Categories
Band/Artist Profile

Iona Fyfe Artist Profile

There are many ways to discover new artists, some better than others. While we can debate our favorite ways, I think I speak for everyone when I say the absolute worst way to discover a new artist is to find out they had to go public with #metoo allegations in response to career backlash. These headlines almost always override the artist’s music and work for exclusive focus on their victimization by the industry. In an effort to counteract that trend, here is an unusual artist I discovered through this less than ideal pipeline: Iona Fyfe.

The most immediately recognizable thing about Iona Fyfe is that she’s a Scottish artist who often sings in… well that’s kind of the confusing part. The language (or dialect of English depending on your feelings about the United Kingdom as a political entity) is called Scots, and it’s a surprisingly well preserved cousin of our tongue spoken in the rural south of Scotland, where the Celtic languages of the North mixed with Old English. It’s a strange thing to our American ears, where even the most divergent dialects of our country are still fully intelligible. In the slowest, syrupiest songs in Iona Fyfe’s catalogues, you might just think she has a strong accent. In faster folk songs like “Guise of Tough,” the language barrier is far more jarring. Fyfe’s language uses words and sounds that feel intuitive and gel with the musical/poetic vocabulary of the English tradition, but to our ears it’s mostly nonsense.

However, the effect of Scots is still artistically compelling to English speakers. Since we are steeped in the same musical and poetic traditions, and we share several roots, grammatical transformations, and entire words or sentences. The music still makes emotional sense, communicating everything important and not a lick more. Coming away from the songs, I found myself understanding what the music meant, but not what it was about, which makes for a fascinating if unmooring listening experience.

Then there’s Fyfe’s English language work, which is more accessible if less compelling. Her 2019 ep, “Dark Turn of Mind,” is entirely in English, and built around a cover of previous blog topic Gillian Welch. While the ep isn’t as good as her Scots language music, it represents something unique about Fyfe, that her music is conversation with the Southern American folk tradition. This connection is partly musical, Appalachian folk is built off the musical framework of Celtic and English folk, and partly ethnic.

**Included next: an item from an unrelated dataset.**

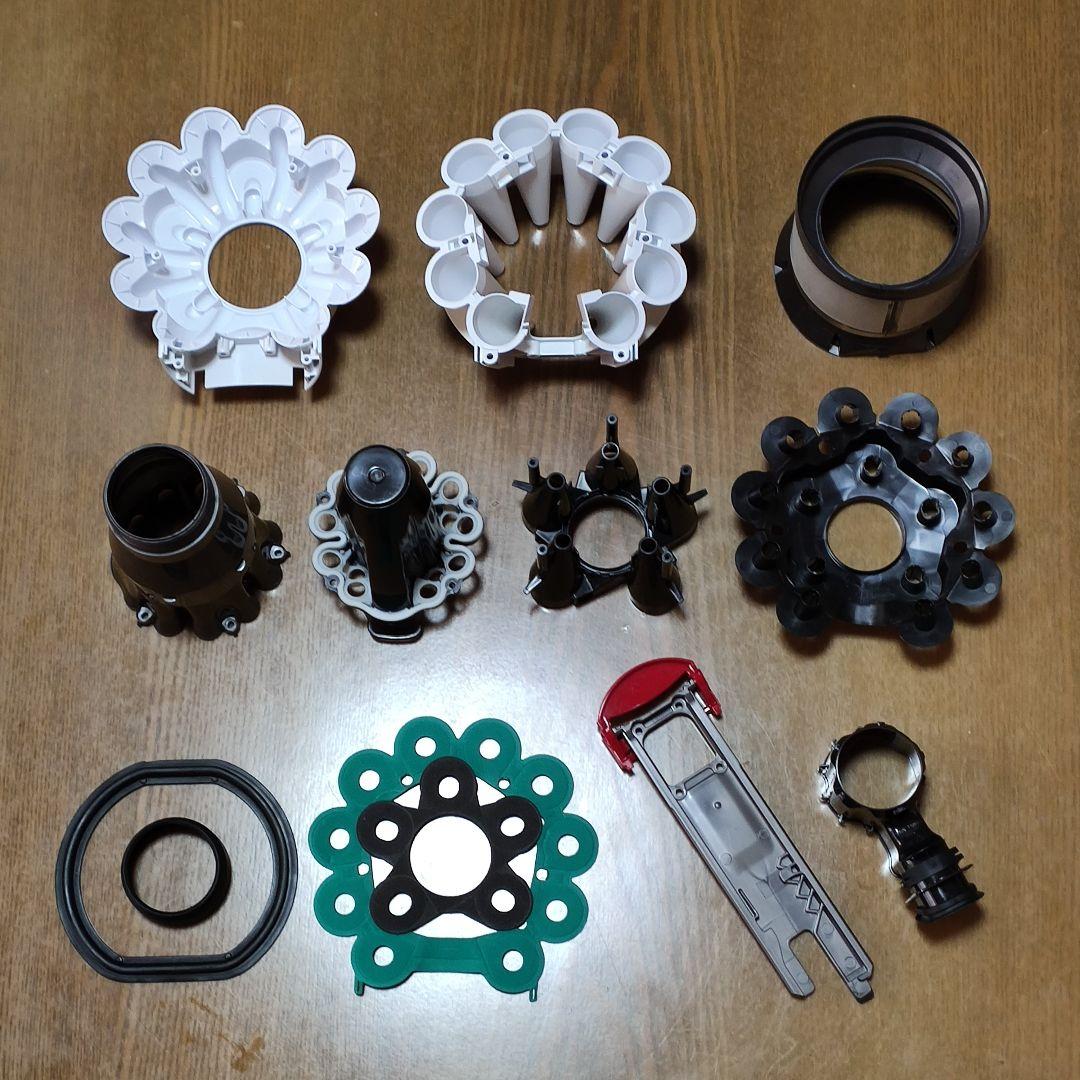 ダイソン V7 HH11掃除機 ＋マキタ18vアダプターセット分解清掃済み動作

Since the 90s, many white southerners have begun tying their cultural identity to the Celtic tradition, rather than to the Anglo-Saxon or American Nationalistic traditions. Analyzing this cultural shift is beyond my pay grade, though it was a constant feature of my upbringing. The only place I’ve ever been outside North Carolina and the surrounding states is Scotland to visit my brother studying abroad. The label of “Scots-Irish” is a fraught identity, but it’s good nonetheless to see Fyfe reciprocating a more wholesome vision of white Southern identity from across the pond, especially by covering our music from our cannon.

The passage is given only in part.